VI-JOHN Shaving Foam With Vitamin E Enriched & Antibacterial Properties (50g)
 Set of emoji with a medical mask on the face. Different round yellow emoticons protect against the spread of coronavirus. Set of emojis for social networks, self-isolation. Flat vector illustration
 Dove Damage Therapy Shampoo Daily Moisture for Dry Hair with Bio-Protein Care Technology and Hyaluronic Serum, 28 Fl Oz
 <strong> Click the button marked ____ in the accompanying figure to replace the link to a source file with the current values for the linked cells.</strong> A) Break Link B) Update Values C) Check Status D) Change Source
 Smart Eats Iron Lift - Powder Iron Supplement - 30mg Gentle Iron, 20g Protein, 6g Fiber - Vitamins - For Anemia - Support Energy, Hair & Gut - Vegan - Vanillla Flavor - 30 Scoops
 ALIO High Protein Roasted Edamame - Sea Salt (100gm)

---

§ Task objective: Would you mind copying all of the records exactly?

§ Task result:
VI-JOHN Shaving Foam With Vitamin E Enriched & Antibacterial Properties (50g)
 Set of emoji with a medical mask on the face. Different round yellow emoticons protect against the spread of coronavirus. Set of emojis for social networks, self-isolation. Flat vector illustration
 Dove Damage Therapy Shampoo Daily Moisture for Dry Hair with Bio-Protein Care Technology and Hyaluronic Serum, 28 Fl Oz
 <strong> Click the button marked ____ in the accompanying figure to replace the link to a source file with the current values for the linked cells.</strong> A) Break Link B) Update Values C) Check Status D) Change Source
 Smart Eats Iron Lift - Powder Iron Supplement - 30mg Gentle Iron, 20g Protein, 6g Fiber - Vitamins - For Anemia - Support Energy, Hair & Gut - Vegan - Vanillla Flavor - 30 Scoops
 ALIO High Protein Roasted Edamame - Sea Salt (100gm)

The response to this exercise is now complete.